3. In addition to the provisions of the preceding two (2) paragraphs, in the case of the issuance of new shares or in any other case prescribed by laws or regulations, the Company shall make entries or records in the register of shareholders.

Article 5. (Characters, Etc. to be Used in Register of Shareholders)

Entries or records in the register of shareholders of the Company shall be made using the characters and/or symbols designated by the Center.

Article 6. (Entries or Records, Etc. in Ledger of Stock Acquisition Rights)

1. A request for entries or records in the ledger of stock acquisition rights, a request for registration, transfer or cancellation of a pledge with respect to stock acquisition rights, and/or a request for the recordation of shares held in trust or cancellation thereof shall be made to the share transfer agent.

2. In addition to the provisions of the preceding paragraph, the handling of stock acquisition rights may be separately prescribed.

 

2


CHAPTER III. NOTIFICATIONS

Article 7. (Notification of Address, and Name or Trade Name)

1. Shareholders, Etc. shall notify the Company of their addresses and names or trade names.

2. The notification set forth in the preceding paragraph or any change in such notification shall be made through the Securities Companies, Etc. and the Center, except in the case of the issuance of new shares or in any other case prescribed by laws or regulations.

Article 8. (Notification of Nonresident Shareholders, etc.)

1. Shareholders, Etc. residing in foreign countries shall either appoint their standing proxies in Japan or designate their mailing addresses in Japan for receiving notices and notify the Company thereof.

2. Standing proxies shall be included in the Shareholders, Etc. set forth in Paragraph 1 of the preceding article.

3. The notification set forth in Paragraph 1 or any change in such notification shall be made through the Securities Companies, Etc. and the Center, except in the case of the issuance of new shares or in any other case prescribed by laws or regulations.

Article 9. (Representative of Corporation)

1. In case a Shareholder, Etc. is a corporation, the title and the name of one (1) representative of such corporation shall be notified.

2. The notification set forth in the preceding paragraph or any change in such notification shall be made through the Securities Companies, Etc. and the Center, except in the case of the issuance of new shares or in any other case prescribed by laws or regulations.
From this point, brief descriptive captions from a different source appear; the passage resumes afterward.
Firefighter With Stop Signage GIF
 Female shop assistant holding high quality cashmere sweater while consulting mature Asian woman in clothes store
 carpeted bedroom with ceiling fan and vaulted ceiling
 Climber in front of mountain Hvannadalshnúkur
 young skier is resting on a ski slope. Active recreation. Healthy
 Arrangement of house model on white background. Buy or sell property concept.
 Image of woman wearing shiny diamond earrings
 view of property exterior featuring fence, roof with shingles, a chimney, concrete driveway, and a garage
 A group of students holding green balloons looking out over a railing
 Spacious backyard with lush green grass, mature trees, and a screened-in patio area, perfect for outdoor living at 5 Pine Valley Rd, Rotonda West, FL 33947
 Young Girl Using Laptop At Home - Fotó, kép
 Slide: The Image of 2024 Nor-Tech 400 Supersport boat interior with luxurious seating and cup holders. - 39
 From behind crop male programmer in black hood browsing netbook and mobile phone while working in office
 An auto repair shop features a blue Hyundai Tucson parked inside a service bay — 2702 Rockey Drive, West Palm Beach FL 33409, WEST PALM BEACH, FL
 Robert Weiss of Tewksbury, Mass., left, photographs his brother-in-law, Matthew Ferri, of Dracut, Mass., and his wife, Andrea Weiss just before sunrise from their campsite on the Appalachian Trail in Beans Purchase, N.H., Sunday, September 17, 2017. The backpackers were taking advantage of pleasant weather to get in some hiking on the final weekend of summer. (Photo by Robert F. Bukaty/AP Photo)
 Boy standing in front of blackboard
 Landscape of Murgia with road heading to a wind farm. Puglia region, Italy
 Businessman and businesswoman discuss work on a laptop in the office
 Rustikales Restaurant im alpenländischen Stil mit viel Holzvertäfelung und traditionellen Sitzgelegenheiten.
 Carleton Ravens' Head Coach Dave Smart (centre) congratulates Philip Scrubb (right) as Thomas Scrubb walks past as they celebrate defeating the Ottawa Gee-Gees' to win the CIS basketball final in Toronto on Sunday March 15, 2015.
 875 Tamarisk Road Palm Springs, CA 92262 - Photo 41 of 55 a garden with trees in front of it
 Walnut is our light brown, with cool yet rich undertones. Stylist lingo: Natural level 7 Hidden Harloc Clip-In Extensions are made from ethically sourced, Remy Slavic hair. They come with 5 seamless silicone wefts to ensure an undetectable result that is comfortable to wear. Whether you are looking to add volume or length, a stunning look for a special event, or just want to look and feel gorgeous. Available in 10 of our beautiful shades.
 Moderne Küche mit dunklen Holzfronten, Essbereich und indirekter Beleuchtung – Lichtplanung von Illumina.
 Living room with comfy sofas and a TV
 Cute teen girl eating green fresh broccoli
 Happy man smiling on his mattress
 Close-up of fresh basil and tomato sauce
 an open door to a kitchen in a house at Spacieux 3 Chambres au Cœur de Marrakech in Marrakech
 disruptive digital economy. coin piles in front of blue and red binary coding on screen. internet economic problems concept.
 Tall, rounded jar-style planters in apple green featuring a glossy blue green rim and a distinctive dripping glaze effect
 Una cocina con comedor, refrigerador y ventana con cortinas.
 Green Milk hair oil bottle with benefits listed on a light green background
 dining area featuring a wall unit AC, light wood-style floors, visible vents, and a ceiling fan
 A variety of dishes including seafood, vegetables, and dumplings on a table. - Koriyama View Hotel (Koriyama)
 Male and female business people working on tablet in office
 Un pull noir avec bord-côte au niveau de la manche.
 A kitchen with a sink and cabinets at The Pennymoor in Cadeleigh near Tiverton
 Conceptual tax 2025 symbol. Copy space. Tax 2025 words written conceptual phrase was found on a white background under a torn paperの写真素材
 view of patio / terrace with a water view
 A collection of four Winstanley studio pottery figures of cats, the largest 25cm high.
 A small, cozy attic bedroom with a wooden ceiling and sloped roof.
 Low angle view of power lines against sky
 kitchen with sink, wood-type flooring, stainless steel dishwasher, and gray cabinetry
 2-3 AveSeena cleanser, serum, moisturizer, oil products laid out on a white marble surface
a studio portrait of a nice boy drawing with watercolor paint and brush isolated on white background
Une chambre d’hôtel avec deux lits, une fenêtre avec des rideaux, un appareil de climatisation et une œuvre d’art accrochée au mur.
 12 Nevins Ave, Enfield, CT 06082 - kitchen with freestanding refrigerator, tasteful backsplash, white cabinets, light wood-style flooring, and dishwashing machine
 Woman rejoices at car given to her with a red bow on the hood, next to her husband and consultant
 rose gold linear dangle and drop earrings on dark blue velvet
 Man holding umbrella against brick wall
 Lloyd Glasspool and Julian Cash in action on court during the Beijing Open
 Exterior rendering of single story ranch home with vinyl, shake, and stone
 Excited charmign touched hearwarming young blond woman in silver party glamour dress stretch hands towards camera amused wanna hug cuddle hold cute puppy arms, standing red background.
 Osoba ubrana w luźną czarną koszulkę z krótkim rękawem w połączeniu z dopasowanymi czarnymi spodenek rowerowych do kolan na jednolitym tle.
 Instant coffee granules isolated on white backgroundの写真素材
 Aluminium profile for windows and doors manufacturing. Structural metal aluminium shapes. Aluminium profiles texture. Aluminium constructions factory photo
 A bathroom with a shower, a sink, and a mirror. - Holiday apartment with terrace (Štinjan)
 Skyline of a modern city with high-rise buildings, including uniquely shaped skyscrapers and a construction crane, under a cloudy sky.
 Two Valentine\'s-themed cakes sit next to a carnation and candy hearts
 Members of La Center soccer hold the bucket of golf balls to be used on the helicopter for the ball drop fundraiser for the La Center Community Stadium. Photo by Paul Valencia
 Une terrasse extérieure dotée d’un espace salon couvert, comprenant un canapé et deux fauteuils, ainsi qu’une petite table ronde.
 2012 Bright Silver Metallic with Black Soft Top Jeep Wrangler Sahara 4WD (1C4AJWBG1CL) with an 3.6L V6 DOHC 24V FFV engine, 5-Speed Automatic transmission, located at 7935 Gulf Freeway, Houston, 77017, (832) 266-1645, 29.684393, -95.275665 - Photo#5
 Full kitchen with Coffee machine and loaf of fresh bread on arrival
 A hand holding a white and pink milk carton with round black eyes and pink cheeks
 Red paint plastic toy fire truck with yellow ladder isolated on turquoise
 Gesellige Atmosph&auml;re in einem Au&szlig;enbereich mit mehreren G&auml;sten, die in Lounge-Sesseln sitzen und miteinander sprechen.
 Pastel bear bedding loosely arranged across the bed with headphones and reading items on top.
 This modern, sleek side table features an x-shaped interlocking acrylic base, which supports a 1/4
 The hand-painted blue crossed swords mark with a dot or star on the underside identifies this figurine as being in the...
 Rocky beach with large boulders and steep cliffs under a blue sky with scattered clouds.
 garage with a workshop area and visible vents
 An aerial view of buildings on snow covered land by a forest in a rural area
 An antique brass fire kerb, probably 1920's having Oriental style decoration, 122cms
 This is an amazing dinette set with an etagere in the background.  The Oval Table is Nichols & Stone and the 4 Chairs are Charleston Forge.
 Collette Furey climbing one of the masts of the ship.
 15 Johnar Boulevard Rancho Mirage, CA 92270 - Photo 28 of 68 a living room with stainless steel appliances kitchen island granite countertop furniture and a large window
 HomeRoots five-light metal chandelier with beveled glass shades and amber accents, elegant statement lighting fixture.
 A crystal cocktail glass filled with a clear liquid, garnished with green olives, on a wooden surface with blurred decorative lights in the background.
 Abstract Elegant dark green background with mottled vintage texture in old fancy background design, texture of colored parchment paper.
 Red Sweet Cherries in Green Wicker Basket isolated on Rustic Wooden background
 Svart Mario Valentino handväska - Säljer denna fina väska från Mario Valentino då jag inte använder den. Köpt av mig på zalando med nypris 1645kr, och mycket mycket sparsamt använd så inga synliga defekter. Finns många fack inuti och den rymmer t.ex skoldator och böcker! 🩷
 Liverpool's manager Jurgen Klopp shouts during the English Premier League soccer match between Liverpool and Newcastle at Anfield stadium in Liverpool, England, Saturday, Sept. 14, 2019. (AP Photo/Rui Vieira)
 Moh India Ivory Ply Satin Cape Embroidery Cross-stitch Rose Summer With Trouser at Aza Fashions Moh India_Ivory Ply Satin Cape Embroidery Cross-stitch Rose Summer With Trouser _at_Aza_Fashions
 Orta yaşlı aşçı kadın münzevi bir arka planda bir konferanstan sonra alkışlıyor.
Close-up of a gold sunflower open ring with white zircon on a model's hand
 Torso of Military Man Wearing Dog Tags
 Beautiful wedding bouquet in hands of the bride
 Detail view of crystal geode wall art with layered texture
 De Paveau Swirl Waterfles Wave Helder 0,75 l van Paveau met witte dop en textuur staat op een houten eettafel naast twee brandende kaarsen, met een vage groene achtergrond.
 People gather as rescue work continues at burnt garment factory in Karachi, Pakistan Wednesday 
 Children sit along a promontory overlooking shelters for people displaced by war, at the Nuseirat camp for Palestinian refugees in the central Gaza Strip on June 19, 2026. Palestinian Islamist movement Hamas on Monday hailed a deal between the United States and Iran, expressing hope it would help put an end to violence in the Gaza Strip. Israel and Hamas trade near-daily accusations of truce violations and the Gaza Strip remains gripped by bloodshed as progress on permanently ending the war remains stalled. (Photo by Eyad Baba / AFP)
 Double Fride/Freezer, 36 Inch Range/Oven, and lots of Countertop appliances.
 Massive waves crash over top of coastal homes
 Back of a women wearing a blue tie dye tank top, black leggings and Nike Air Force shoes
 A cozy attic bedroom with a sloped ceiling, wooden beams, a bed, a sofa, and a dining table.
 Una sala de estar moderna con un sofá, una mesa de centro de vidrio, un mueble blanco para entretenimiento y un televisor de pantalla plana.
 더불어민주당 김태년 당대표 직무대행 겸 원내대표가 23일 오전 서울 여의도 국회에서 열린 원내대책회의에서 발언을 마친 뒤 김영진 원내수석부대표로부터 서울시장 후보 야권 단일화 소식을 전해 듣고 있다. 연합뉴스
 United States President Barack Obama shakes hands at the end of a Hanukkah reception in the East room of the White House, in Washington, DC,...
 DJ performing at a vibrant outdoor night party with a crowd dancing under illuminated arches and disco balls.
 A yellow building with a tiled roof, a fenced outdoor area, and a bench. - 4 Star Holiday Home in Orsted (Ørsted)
Article 10. (Representative, Etc. of Co-owned Shares)

1. Shareholders who co-own shares shall appoint one (1) representative on their behalf, and shall notify the address and the name or the trade name of such representative.

2. The notification set forth in the preceding paragraph or any change in such notification shall be made through the Securities Companies, Etc. and the Center, except in the case of the issuance of new shares or in any other case prescribed by laws or regulations.

3. In case a Shareholder, Etc. is an unincorporated association, the provisions of the preceding two (2) paragraphs shall apply.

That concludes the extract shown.